_REQUIREMENT_.
Among the lines below, restate word for word only those from the line with "샷시를 교체하면 냉난방비가" through the line with "Snapshot of Reina_Fcup", with both end lines kept.

_DATA IN THIS EXERCISE_.
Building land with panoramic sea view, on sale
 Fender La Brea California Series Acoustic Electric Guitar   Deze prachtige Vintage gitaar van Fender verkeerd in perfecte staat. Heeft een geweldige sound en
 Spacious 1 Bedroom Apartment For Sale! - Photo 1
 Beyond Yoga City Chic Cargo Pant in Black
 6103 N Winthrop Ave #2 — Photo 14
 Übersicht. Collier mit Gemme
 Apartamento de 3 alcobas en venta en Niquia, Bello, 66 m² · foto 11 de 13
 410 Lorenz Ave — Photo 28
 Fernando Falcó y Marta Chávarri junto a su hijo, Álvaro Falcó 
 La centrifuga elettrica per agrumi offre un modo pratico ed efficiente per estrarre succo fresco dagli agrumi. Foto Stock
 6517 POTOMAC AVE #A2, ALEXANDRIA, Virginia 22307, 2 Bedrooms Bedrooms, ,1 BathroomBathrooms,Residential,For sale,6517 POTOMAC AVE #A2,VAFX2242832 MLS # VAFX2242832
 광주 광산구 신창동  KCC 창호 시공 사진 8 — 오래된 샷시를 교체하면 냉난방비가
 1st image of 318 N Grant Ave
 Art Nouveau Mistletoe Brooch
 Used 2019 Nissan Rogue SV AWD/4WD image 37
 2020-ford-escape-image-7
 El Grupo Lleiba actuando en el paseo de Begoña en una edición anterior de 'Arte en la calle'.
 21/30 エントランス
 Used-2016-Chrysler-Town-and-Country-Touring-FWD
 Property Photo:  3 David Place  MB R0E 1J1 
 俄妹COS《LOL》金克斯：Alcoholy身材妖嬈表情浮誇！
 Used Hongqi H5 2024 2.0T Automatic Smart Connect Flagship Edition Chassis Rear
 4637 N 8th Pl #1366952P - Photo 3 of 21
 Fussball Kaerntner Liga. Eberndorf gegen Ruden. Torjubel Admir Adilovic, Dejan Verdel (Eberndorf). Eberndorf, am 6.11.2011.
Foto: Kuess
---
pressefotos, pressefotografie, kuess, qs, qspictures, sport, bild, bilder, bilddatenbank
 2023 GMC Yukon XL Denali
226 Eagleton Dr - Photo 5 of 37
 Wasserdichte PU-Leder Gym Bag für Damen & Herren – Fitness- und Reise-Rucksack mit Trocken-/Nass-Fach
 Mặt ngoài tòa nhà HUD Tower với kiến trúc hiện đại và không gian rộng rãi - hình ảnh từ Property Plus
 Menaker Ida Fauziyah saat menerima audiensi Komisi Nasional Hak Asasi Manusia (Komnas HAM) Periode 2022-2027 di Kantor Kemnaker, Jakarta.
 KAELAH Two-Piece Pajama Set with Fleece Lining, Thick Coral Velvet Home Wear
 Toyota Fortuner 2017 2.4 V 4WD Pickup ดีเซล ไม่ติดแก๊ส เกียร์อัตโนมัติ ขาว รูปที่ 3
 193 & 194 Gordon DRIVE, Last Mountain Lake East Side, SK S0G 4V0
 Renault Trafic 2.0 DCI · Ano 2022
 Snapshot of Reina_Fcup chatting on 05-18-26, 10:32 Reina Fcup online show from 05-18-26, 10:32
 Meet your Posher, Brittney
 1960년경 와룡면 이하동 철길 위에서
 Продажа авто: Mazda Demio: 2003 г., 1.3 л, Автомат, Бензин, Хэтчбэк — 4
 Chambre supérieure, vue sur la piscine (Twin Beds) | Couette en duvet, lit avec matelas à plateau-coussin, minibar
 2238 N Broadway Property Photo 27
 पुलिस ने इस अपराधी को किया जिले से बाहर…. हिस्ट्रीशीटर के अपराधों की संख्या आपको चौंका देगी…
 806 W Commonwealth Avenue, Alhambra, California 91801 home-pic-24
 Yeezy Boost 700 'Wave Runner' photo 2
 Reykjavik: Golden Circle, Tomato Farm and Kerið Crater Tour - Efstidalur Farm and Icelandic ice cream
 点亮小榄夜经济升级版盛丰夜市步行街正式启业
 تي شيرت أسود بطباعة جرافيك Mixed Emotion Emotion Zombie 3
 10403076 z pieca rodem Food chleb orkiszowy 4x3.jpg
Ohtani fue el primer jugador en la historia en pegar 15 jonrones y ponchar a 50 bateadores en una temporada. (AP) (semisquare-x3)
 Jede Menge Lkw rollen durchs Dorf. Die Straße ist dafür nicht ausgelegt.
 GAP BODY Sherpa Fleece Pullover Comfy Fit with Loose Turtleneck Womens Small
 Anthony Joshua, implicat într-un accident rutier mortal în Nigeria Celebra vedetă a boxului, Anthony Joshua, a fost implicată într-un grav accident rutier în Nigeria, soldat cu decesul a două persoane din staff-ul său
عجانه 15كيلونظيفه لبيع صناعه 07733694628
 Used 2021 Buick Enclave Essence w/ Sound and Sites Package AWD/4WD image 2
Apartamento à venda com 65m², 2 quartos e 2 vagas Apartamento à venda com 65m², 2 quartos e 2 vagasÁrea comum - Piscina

_OUTPUT BELOW_.
 광주 광산구 신창동  KCC 창호 시공 사진 8 — 오래된 샷시를 교체하면 냉난방비가
 1st image of 318 N Grant Ave
 Art Nouveau Mistletoe Brooch
 Used 2019 Nissan Rogue SV AWD/4WD image 37
 2020-ford-escape-image-7
 El Grupo Lleiba actuando en el paseo de Begoña en una edición anterior de 'Arte en la calle'.
 21/30 エントランス
 Used-2016-Chrysler-Town-and-Country-Touring-FWD
 Property Photo:  3 David Place  MB R0E 1J1 
 俄妹COS《LOL》金克斯：Alcoholy身材妖嬈表情浮誇！
 Used Hongqi H5 2024 2.0T Automatic Smart Connect Flagship Edition Chassis Rear
 4637 N 8th Pl #1366952P - Photo 3 of 21
 Fussball Kaerntner Liga. Eberndorf gegen Ruden. Torjubel Admir Adilovic, Dejan Verdel (Eberndorf). Eberndorf, am 6.11.2011.
Foto: Kuess
---
pressefotos, pressefotografie, kuess, qs, qspictures, sport, bild, bilder, bilddatenbank
 2023 GMC Yukon XL Denali
226 Eagleton Dr - Photo 5 of 37
 Wasserdichte PU-Leder Gym Bag für Damen & Herren – Fitness- und Reise-Rucksack mit Trocken-/Nass-Fach
 Mặt ngoài tòa nhà HUD Tower với kiến trúc hiện đại và không gian rộng rãi - hình ảnh từ Property Plus
 Menaker Ida Fauziyah saat menerima audiensi Komisi Nasional Hak Asasi Manusia (Komnas HAM) Periode 2022-2027 di Kantor Kemnaker, Jakarta.
 KAELAH Two-Piece Pajama Set with Fleece Lining, Thick Coral Velvet Home Wear
 Toyota Fortuner 2017 2.4 V 4WD Pickup ดีเซล ไม่ติดแก๊ส เกียร์อัตโนมัติ ขาว รูปที่ 3
 193 & 194 Gordon DRIVE, Last Mountain Lake East Side, SK S0G 4V0
 Renault Trafic 2.0 DCI · Ano 2022
 Snapshot of Reina_Fcup chatting on 05-18-26, 10:32 Reina Fcup online show from 05-18-26, 10:32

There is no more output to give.